As part of what Ranganath Sadasiva, CTO of Hewlett Packard Enterprise (HPE) India, has called the move “from experimentation to acceleration”, I’m also witnessing a new generation of startups working alongside established companies to introduce India-centric innovations, ranging from voice infrastructure for non-English speakers to sovereign language models and agricultural advisory tools to reach farmers in their local dialect. 

Why India appeals to global AI companies

Against this backdrop, India has great appeal to international AI firms, partly because the testing environment is unmatched. In my view, a solution that works in India, across its cultural diversity, infrastructure constraints and sheer scale, is one that will travel globally. 

India has also shown it can deploy technology nationwide with remarkable speed. Back at the AI Impact Summit, Sunil Gupta, CEO of Yotta Data Services, reflected on how quickly India’s AI ecosystem has evolved, commenting that the scale and speed of progress would have been difficult to imagine just a few years ago. 

He pointed to the rapid build-out of domestic compute infrastructure and the emergence of sovereign AI models as evidence of this shift. And he summarised that “Across the stack, India has come a long way.”

Now, the world’s largest population between the ages of 15 and 29 is actively leaning into AI adoption. The appetite for fast, frugal problem-solving remains high. And Indian startups are unafraid to experiment.

This experimentation is producing globally competitive founders, and now the funding ecosystem is available to help them thrive.

The next phase: infrastructure, policy and responsibility

In practice, scaling AI systems is often less of a technical challenge and more a question of infrastructure. To support the fast-evolving market, the Indian government is investing heavily in AI programmes and semiconductor development. 

Through the IndiaAI Mission, for instance, GPU infrastructure that was once barely accessible to Indian developers is now being made available through government-backed initiatives such as IndiaAI Compute. This enables shared access to GPU infrastructure for startups, researchers and enterprises and supports a growing wave of indigenous model development.
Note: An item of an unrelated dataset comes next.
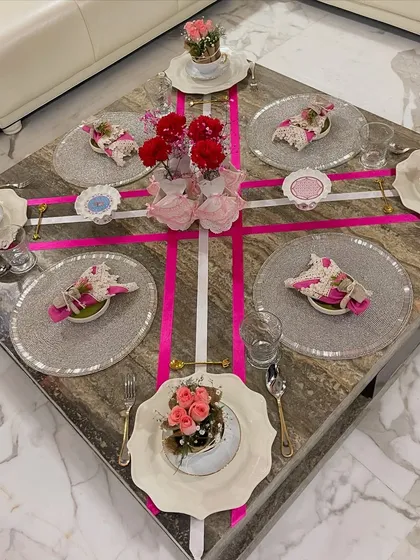An overhead view of the pink ribbon-themed tablescape, designed for a special gathering. The crisscrossing pink and white ribbons create a bold, graphic element on the table, tying all the place settings together.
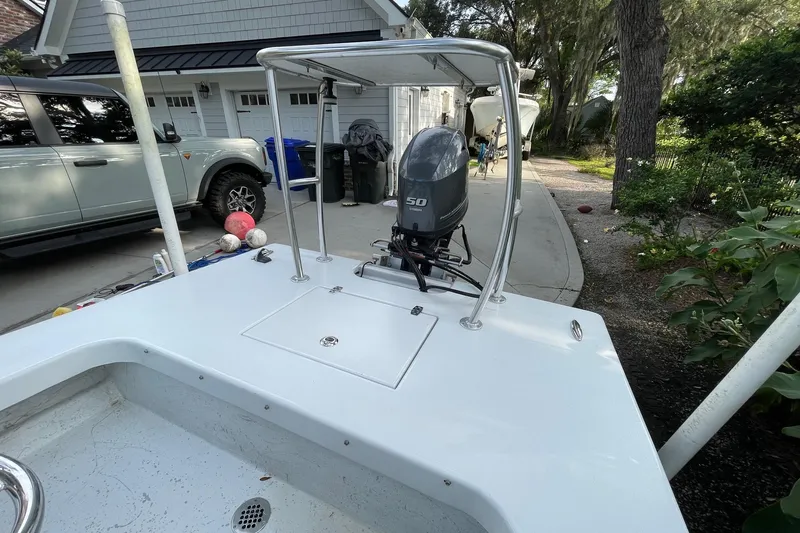 Slide: The Image of 2023 Riptide 17 Flats boat with outboard motor, parked in a driveway. - 14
And the recent union budget provided an additional $100 million allocation to the IndiaAI Mission, which will catalyse a further wave of cloud and data centre investment amidst broader ecosystem development.

Alongside infrastructure, policymakers are also grappling with the wider implications of responsible AI adoption. 

IBM India’s Executive Director, Kishore Balaji, recently stated: “AI pushes the envelope on continuous education and challenges livelihoods, jobs, and earnings as we know it.” But he added: “We need strong public-private partnerships and skill-building programmes at scale so we can prepare the workforce for this future.”

Placing this within the country’s larger ambition, he said: “Ensuring we’re aligned with global frameworks will not only help us make an India for India, but an India for the world.”

For international companies willing to engage early as partners rather than service buyers, the timing has never been better. From what I’m seeing on the ground, this is India’s AI moment.